Oh, if only they knew. The Bangler is no Pakistani folks. His home is very far from such a place. In a distant land you will find The Bangler’s home. It is called… India. Wait, just looked on a map, definitely right next to Pakistan. Well, he’s not Pakistani, he’s Indian. I don’t call you Canadians Americans do I? Haha. Ignorant.
Anyway, I sat with The Bangler for a whole 10 minutes while he sculpted, what he calls, a bangle. Weird that his jewelry and the nickname I gave him are so similar. Again, anyway, as I sat there and watched him take ordinary colorful soft tree wax and turn it into a colorful hardened tree wax I was like, “WOW!” No really, it’s harder than it looks.

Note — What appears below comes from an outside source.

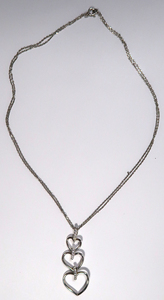 FOLLI FOLLI, necklace,3 ream Heart, silver 925, used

First off, he’s got hot coals just chilling there in a metal tray, designed to heat the tree wax that he will soon mold and form to create his fine jewelry. He takes a block of wax, strips off a small sliver, then plops it on the heated tray. He then straightens and flattens it over the tray using something called a “frame”. Once the wax is long and flat he then wraps it around an object called the “wooden rounder”. Stick with me. I know these names are a bit foreign. After rounding the flat waxy bangle, he drops it smoothly onto the hot tray once again and stamps it on the side with something called, wait for it… the “wood handle”. Ooooooooh. A few more rubs with a clothe that looks as old as the bangle maker himself and he was done. The Bangler had made his bangle.
One of the beautiful things about The Bangler, however lovely his creations, was that he was not the first. The Bangler, a.k.a. Ali, a.k.a. Central Market Magic Maker, is actually The Bangler Junior. This man from India, the same land as his father – specifically Rajasthan, India – was taught all of these skills of the trade by his father before him. He calls it his caste work. He wakes up every day at 4 am and heads to the Central Market to make his tchotchkes and doodads, and every day at 7 pm he heads home to his warm bed. He has done this for 2 years now. And although I cannot know his heart, and will not comment on any issues of social justice, he looks and sounds at peace with his work and he takes pride in the skills his father has taught him.
So if you happen to be walking through the Central Market Souk one of these days and see a lovely man sitting cross-legged making bangles, stop by and pick one up, because they are made with intricate care, and involve a good bit of history.